Deputy Speaker for the Visayas and Cebu second district Rep. Pablo Garcia, who is the principal author of the House Bill 2420, said the provisions of the new Civil Code concerning marriage and family relations has remained relatively constant. It has been firmly established for almost four decades since its adoption in 1950 and for more than 100 years before that under the Old Civil Code, he added.

“The conjugal partnership of gains stands on a firm foundation, has even withstood the rigors of time, tested and proven,” he stressed.

According to Garcia, the conjugal partnership of gains are deemed most viable in safeguarding the rights of the spouses and has been generally accepted, practiced and firmly established in marital institutions and recognized in other institutions as well.

“Scores of jurisprudence from no less than the highest judicial institution itself would lend support to the fact that the conjugal partnership of gains has not only been firmly established, accepted and recognized but has, in more ways than one, become an institution itself,” Garcia explained.

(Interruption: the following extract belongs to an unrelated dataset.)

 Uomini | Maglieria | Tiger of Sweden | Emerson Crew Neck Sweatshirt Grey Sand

The legislator said the radical change made upon the effectivity of the Family Code of the Philippines making the absolute community property as the property regime governing property relations between husband and wife without marriage settlements.

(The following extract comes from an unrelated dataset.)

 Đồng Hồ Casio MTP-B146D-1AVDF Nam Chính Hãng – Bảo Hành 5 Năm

“The system of absolute community property as contemplated in the new family code partakes the kind of property relations wherein both spouses upon entering the marriage, shall become common owners of all properties they had previously owned individually prior to their marriage,” said the former Cebu governor.

Garcia added such a system of absolute community “fails to consider the vagaries of life, the idiosyncrasies of people, and that spouses, as human beings, are likewise prone to human weaknesses and errors.”

The absolute community property leaves too much leeway for abuse to be flagrantly committed, the very reason why safeguards are evidently very difficult to enforce, he stressed. — Garry B. Lao/WAB (THE FREEMAN)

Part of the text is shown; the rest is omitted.